• [DIRECTIONS]: Transcribe exactly, and only, the lines running from the one that contains "The next instruction" through the last line of the material. No pictures.

• [DATASET SECTION]:
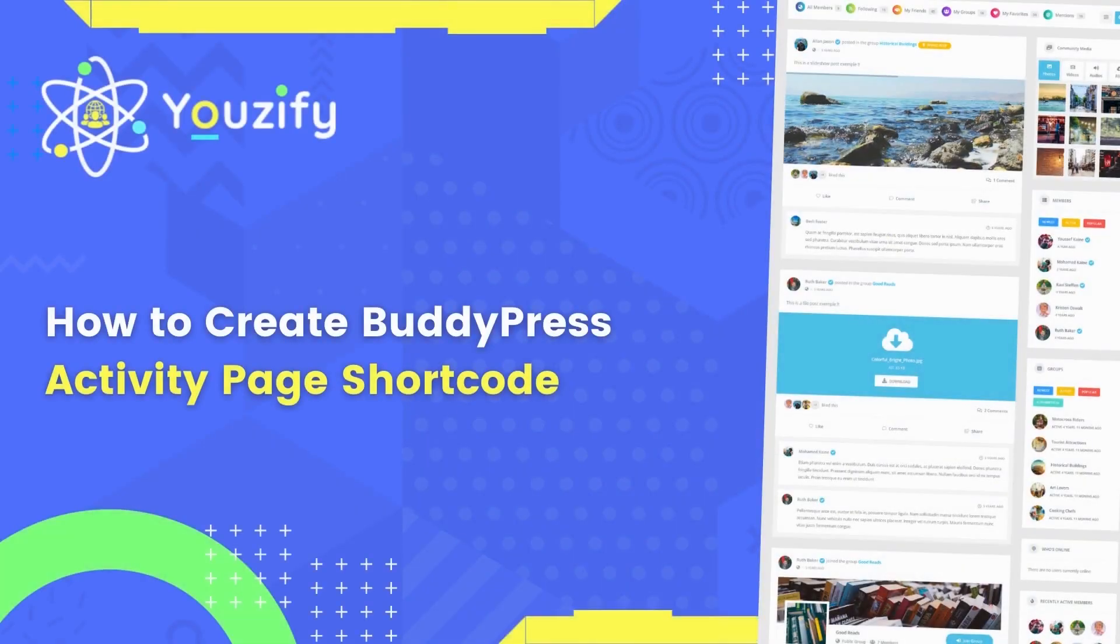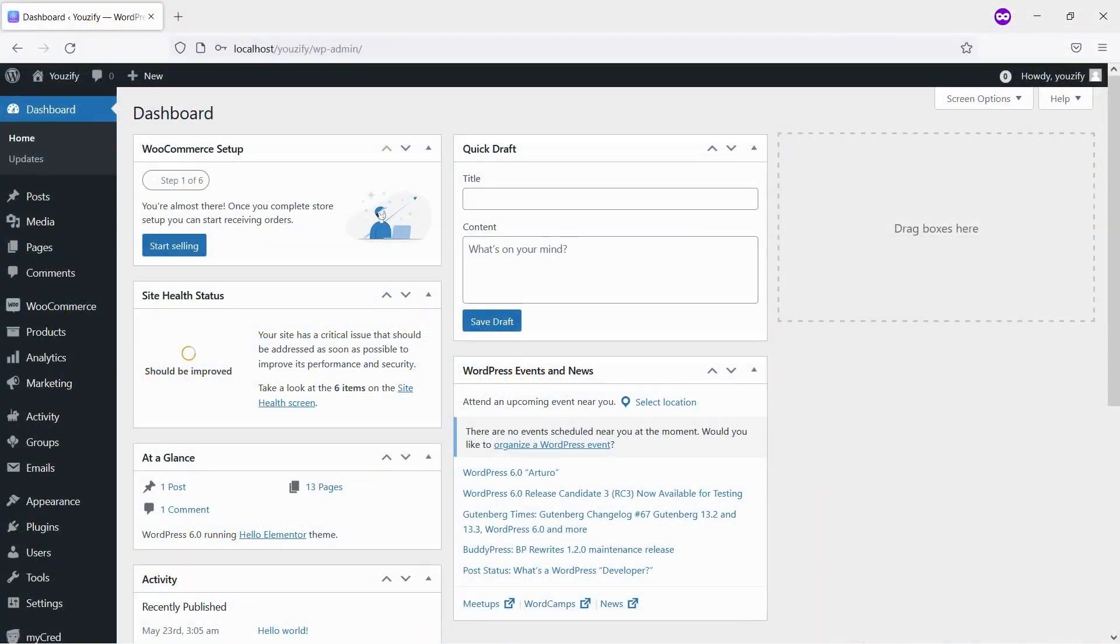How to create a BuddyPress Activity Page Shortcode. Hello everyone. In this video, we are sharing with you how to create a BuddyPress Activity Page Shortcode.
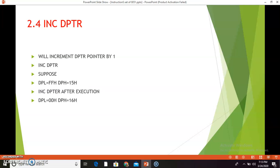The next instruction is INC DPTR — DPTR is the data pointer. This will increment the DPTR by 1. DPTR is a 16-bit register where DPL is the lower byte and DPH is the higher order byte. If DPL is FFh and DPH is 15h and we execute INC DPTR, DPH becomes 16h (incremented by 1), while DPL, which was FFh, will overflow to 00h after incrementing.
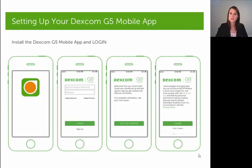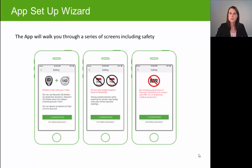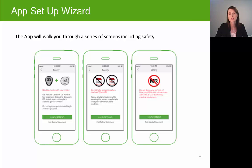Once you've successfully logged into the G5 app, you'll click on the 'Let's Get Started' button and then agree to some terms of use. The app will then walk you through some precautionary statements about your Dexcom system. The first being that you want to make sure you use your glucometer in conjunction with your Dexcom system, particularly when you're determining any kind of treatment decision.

• [SOLVED PROBLEM]:
The next instruction is INC DPTR — DPTR is the data pointer. This will increment the DPTR by 1. DPTR is a 16-bit register where DPL is the lower byte and DPH is the higher order byte. If DPL is FFh and DPH is 15h and we execute INC DPTR, DPH becomes 16h (incremented by 1), while DPL, which was FFh, will overflow to 00h after incrementing.
Once you've successfully logged into the G5 app, you'll click on the 'Let's Get Started' button and then agree to some terms of use. The app will then walk you through some precautionary statements about your Dexcom system. The first being that you want to make sure you use your glucometer in conjunction with your Dexcom system, particularly when you're determining any kind of treatment decision.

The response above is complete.